Он закусил губу и принялся метаться, не в силах передать свои мысли. В конце концов он скрылся в глубине дома и появился вновь, сжимая два предмета, которые бросил мне на колени.
– Экон, осторожнее! Эта вазочка из драгоценного зеленого стекла прибыла сюда из самой Александрии. И зачем ты принес красный черепок? Должно быть, это кусок черепицы с крыши…
Экон выразительно указал на каждый из предметов, но я по-прежнему не улавливал, в чем тут суть.
Он вновь пропал, и на сей раз притащил мой стилус и восковую табличку, на которой он написал «красный» и «зеленый».
– Ну да, Экон, я вижу, что ваза зеленая, а черепица красная. И кровь красная… – Эко затряс головой и показал на свои глаза. – У Панурга были зеленые глаза… – Они как наяву явились перед моим внутренним взором, безжизненно созерцая небо.
Экон топнул ногой и еще яростнее затряс головой, давая понять, что я мыслю совершенно не в том направлении. Забрав вазу и кусок черепицы, он принялся перекладывать их из руки в руку.
– Экон, прекрати! Я же сказал, это не простая ваза!

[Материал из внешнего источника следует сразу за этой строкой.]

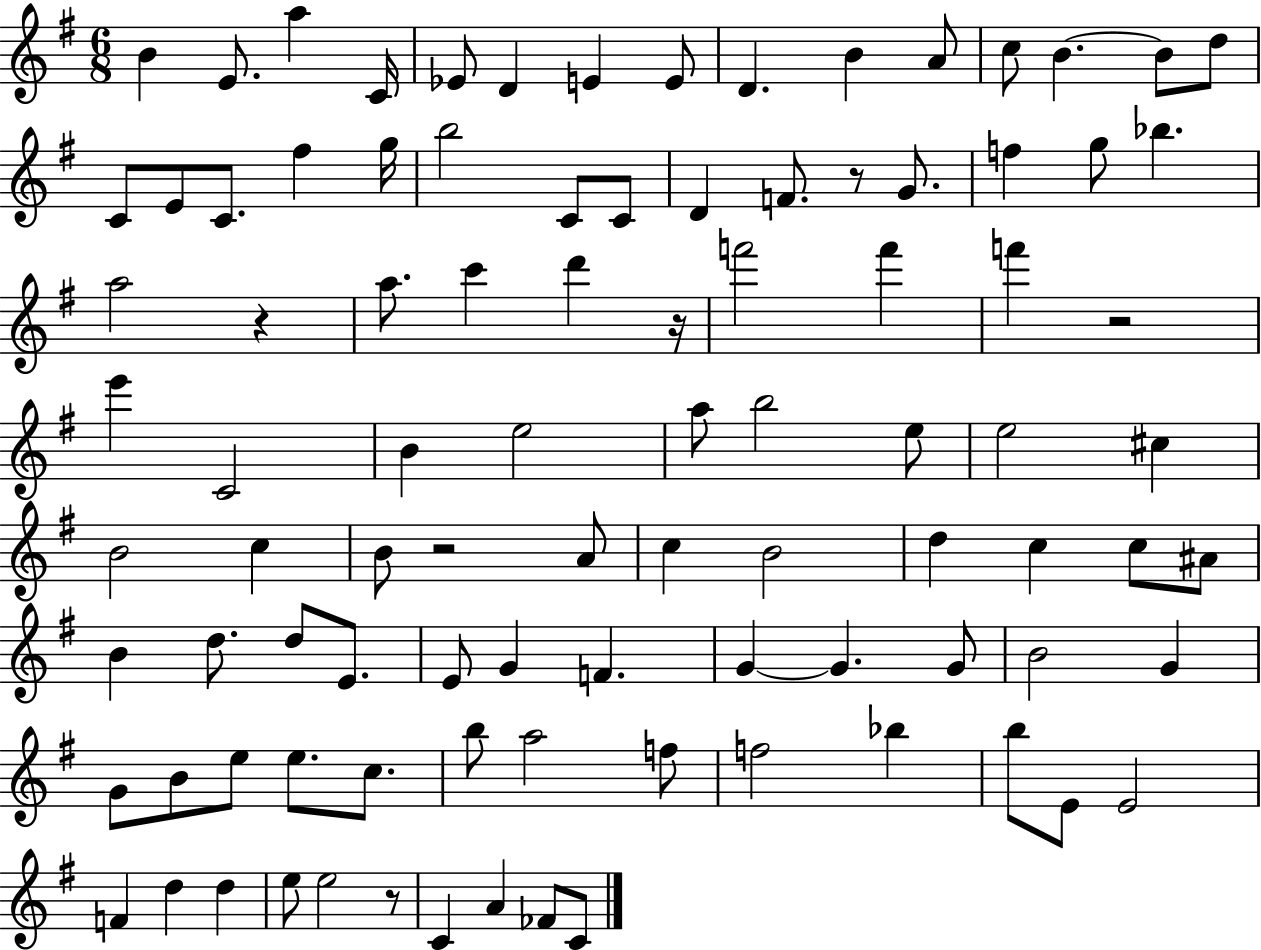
B4/q E4/e. A5/q C4/s Eb4/e D4/q E4/q E4/e D4/q. B4/q A4/e C5/e B4/q. B4/e D5/e C4/e E4/e C4/e. F#5/q G5/s B5/h C4/e C4/e D4/q F4/e. R/e G4/e. F5/q G5/e Bb5/q. A5/h R/q A5/e. C6/q D6/q R/s F6/h F6/q F6/q R/h E6/q C4/h B4/q E5/h A5/e B5/h E5/e E5/h C#5/q B4/h C5/q B4/e R/h A4/e C5/q B4/h D5/q C5/q C5/e A#4/e B4/q D5/e. D5/e E4/e. E4/e G4/q F4/q. G4/q G4/q. G4/e B4/h G4/q G4/e B4/e E5/e E5/e. C5/e. B5/e A5/h F5/e F5/h Bb5/q B5/e E4/e E4/h F4/q D5/q D5/q E5/e E5/h R/e C4/q A4/q FES4/e C4/e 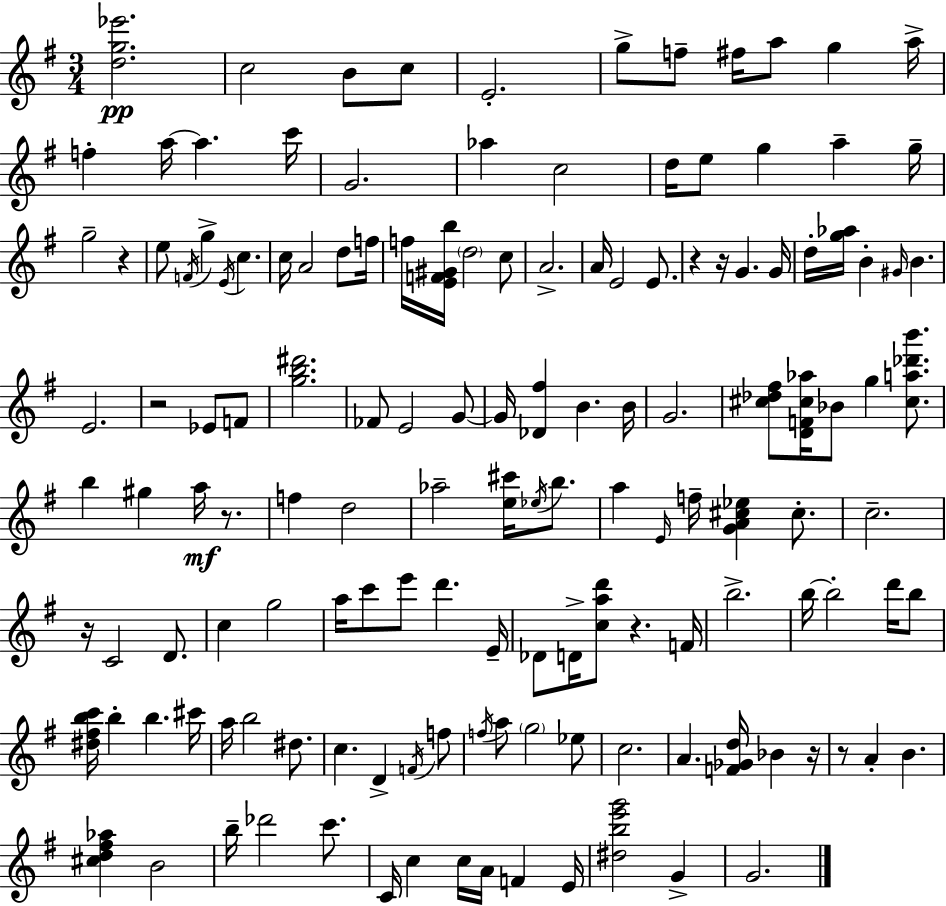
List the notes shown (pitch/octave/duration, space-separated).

[D5,G5,Eb6]/h. C5/h B4/e C5/e E4/h. G5/e F5/e F#5/s A5/e G5/q A5/s F5/q A5/s A5/q. C6/s G4/h. Ab5/q C5/h D5/s E5/e G5/q A5/q G5/s G5/h R/q E5/e F4/s G5/q E4/s C5/q. C5/s A4/h D5/e F5/s F5/s [E4,F4,G#4,B5]/s D5/h C5/e A4/h. A4/s E4/h E4/e. R/q R/s G4/q. G4/s D5/s [G5,Ab5]/s B4/q G#4/s B4/q. E4/h. R/h Eb4/e F4/e [G5,B5,D#6]/h. FES4/e E4/h G4/e G4/s [Db4,F#5]/q B4/q. B4/s G4/h. [C#5,Db5,F#5]/e [D4,F4,C#5,Ab5]/s Bb4/e G5/q [C#5,A5,Db6,B6]/e. B5/q G#5/q A5/s R/e. F5/q D5/h Ab5/h [E5,C#6]/s Eb5/s B5/e. A5/q E4/s F5/s [G4,A4,C#5,Eb5]/q C#5/e. C5/h. R/s C4/h D4/e. C5/q G5/h A5/s C6/e E6/e D6/q. E4/s Db4/e D4/s [C5,A5,D6]/e R/q. F4/s B5/h. B5/s B5/h D6/s B5/e [D#5,F#5,B5,C6]/s B5/q B5/q. C#6/s A5/s B5/h D#5/e. C5/q. D4/q F4/s F5/e F5/s A5/e G5/h Eb5/e C5/h. A4/q. [F4,Gb4,D5]/s Bb4/q R/s R/e A4/q B4/q. [C#5,D5,F#5,Ab5]/q B4/h B5/s Db6/h C6/e. C4/s C5/q C5/s A4/s F4/q E4/s [D#5,B5,E6,G6]/h G4/q G4/h. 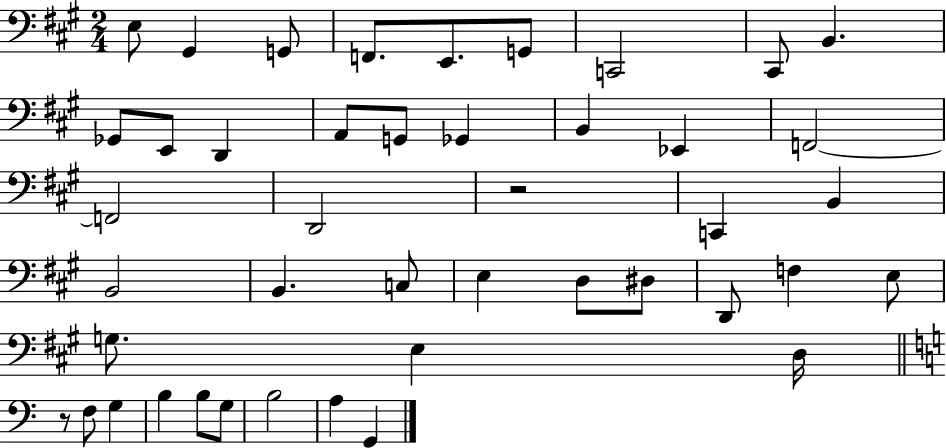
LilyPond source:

{
  \clef bass
  \numericTimeSignature
  \time 2/4
  \key a \major
  \repeat volta 2 { e8 gis,4 g,8 | f,8. e,8. g,8 | c,2 | cis,8 b,4. | \break ges,8 e,8 d,4 | a,8 g,8 ges,4 | b,4 ees,4 | f,2~~ | \break f,2 | d,2 | r2 | c,4 b,4 | \break b,2 | b,4. c8 | e4 d8 dis8 | d,8 f4 e8 | \break g8. e4 d16 | \bar "||" \break \key c \major r8 f8 g4 | b4 b8 g8 | b2 | a4 g,4 | \break } \bar "|."
} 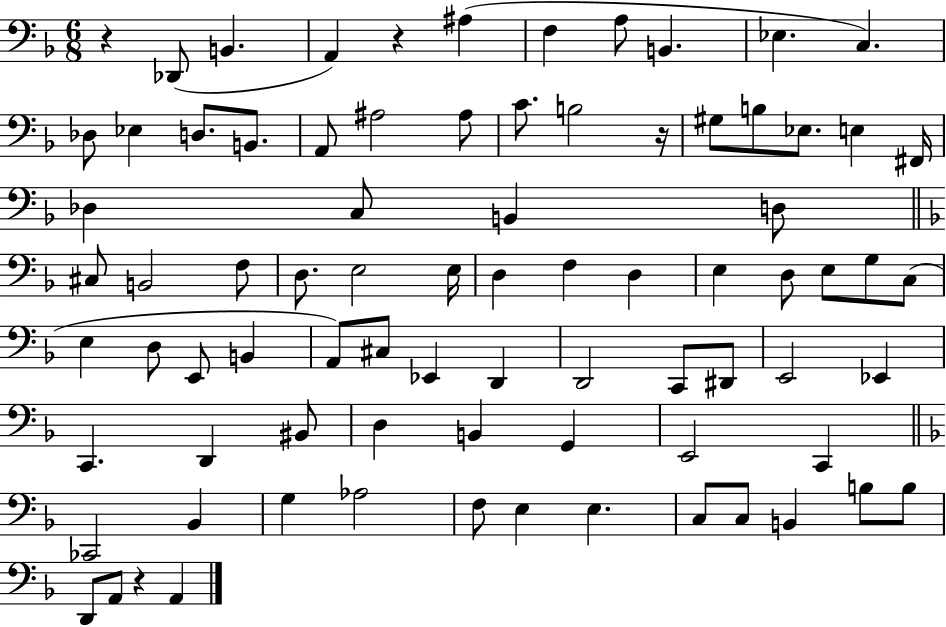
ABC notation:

X:1
T:Untitled
M:6/8
L:1/4
K:F
z _D,,/2 B,, A,, z ^A, F, A,/2 B,, _E, C, _D,/2 _E, D,/2 B,,/2 A,,/2 ^A,2 ^A,/2 C/2 B,2 z/4 ^G,/2 B,/2 _E,/2 E, ^F,,/4 _D, C,/2 B,, D,/2 ^C,/2 B,,2 F,/2 D,/2 E,2 E,/4 D, F, D, E, D,/2 E,/2 G,/2 C,/2 E, D,/2 E,,/2 B,, A,,/2 ^C,/2 _E,, D,, D,,2 C,,/2 ^D,,/2 E,,2 _E,, C,, D,, ^B,,/2 D, B,, G,, E,,2 C,, _C,,2 _B,, G, _A,2 F,/2 E, E, C,/2 C,/2 B,, B,/2 B,/2 D,,/2 A,,/2 z A,, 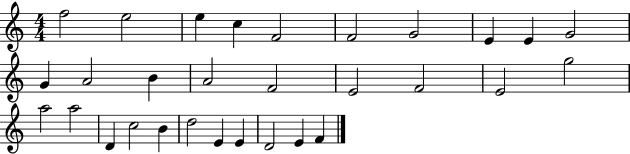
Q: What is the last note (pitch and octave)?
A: F4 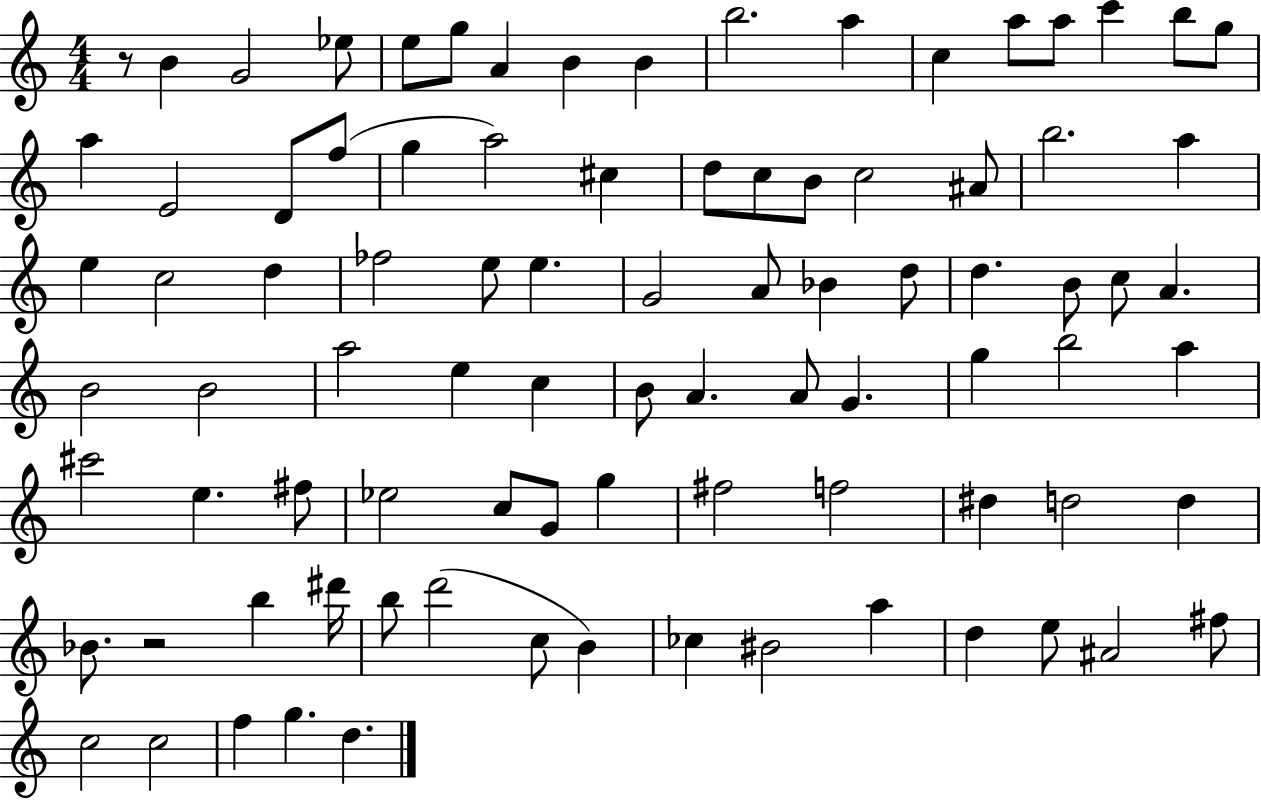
R/e B4/q G4/h Eb5/e E5/e G5/e A4/q B4/q B4/q B5/h. A5/q C5/q A5/e A5/e C6/q B5/e G5/e A5/q E4/h D4/e F5/e G5/q A5/h C#5/q D5/e C5/e B4/e C5/h A#4/e B5/h. A5/q E5/q C5/h D5/q FES5/h E5/e E5/q. G4/h A4/e Bb4/q D5/e D5/q. B4/e C5/e A4/q. B4/h B4/h A5/h E5/q C5/q B4/e A4/q. A4/e G4/q. G5/q B5/h A5/q C#6/h E5/q. F#5/e Eb5/h C5/e G4/e G5/q F#5/h F5/h D#5/q D5/h D5/q Bb4/e. R/h B5/q D#6/s B5/e D6/h C5/e B4/q CES5/q BIS4/h A5/q D5/q E5/e A#4/h F#5/e C5/h C5/h F5/q G5/q. D5/q. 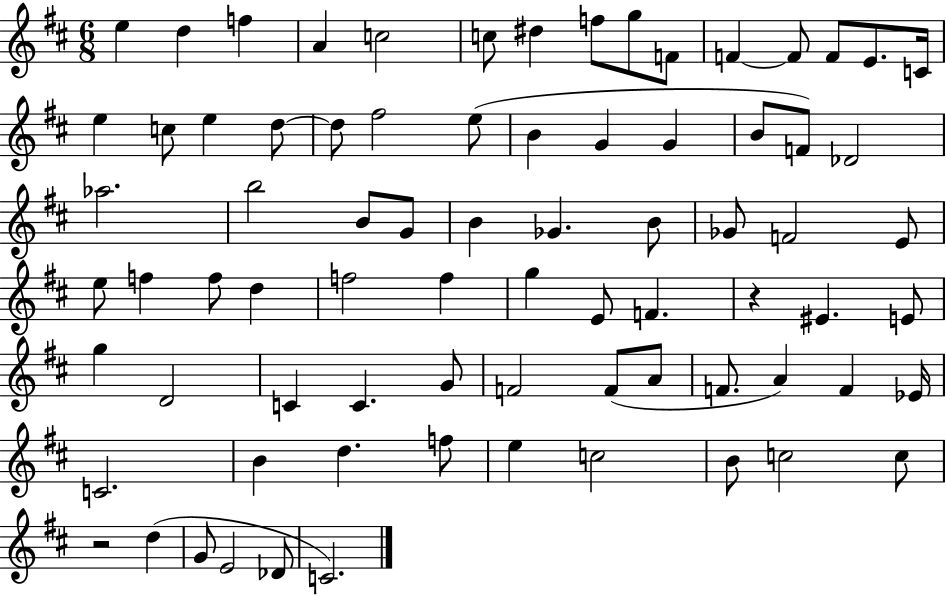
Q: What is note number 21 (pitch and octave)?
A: F#5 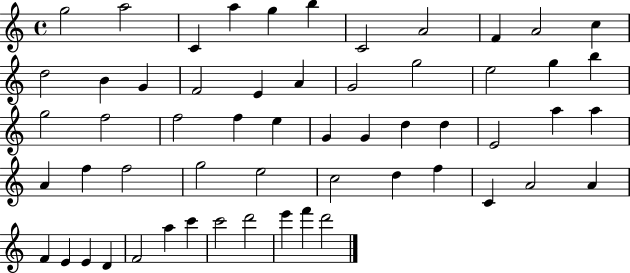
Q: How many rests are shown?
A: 0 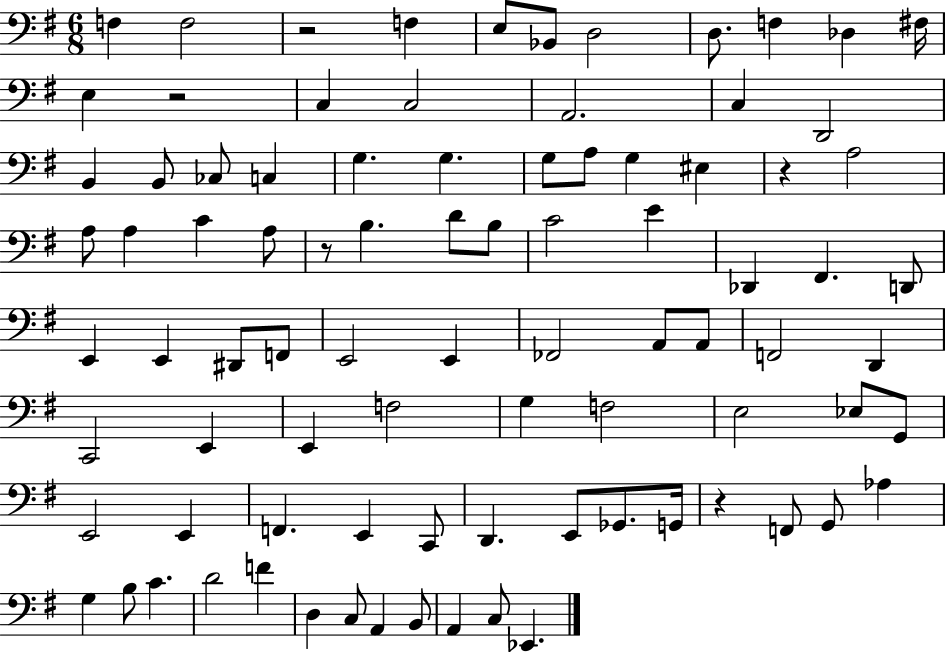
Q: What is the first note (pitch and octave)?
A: F3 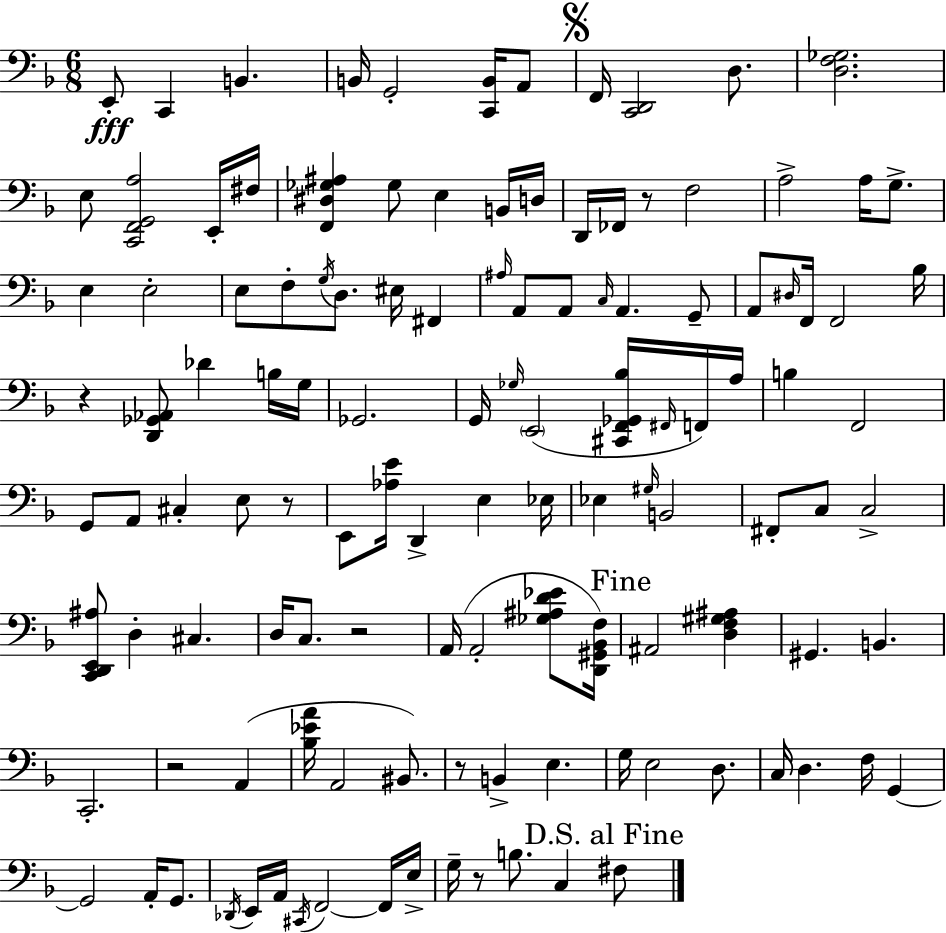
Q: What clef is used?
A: bass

Небрежно отложив их, он вновь потянулся за стилусом. Стерев слова «красный» и «зеленый», вместо них он написал «голубой» и, казалось, хотел добавить еще что-то, но не знал, как правильно написать. Закусив кончик стилуса, он в растерянности покачал головой.
– Экон, сдается мне, ты заболел. Не могу понять, что ты тут затеял.
Выхватив у меня свиток, он принялся разворачивать его, судорожно просматривая текст. Но, даже будь он написан на латыни, для мальчика было бы нелегкой задачей расшифровать слова, чтобы найти то, что ему нужно, а греческие буквы и вовсе были для него сродни иероглифам.
Бросив свиток, он опять взялся за пантомиму, но из-за возбуждения движения выходили неловкими, так что я ничего не мог различить в его отчаянных кривляниях. Я пожал плечами и покачал головой, сдаваясь окончательно, и тут Экон внезапно заплакал от бессилия. Он вновь схватил свиток и показал на свои глаза. Он хотел, чтобы я прочел свиток, или указывал на свои слезы? Закусив губу, я воздел руки ладонями кверху, давая понять, что ничем не могу ему помочь.
Экон бросил свиток мне на колени и, рыдая, бросился в дом. Вместо обычных всхлипов из его горла вырывалось что-то вроде ослиного рева – этот звук разрывал мое сердце на части. Наверно, мне следовало быть более терпеливым, чтобы понять его. Из кухни вынырнула Вифезда, устремив на меня осуждающий взгляд, а затем последовала на звуки в комнатку Экона.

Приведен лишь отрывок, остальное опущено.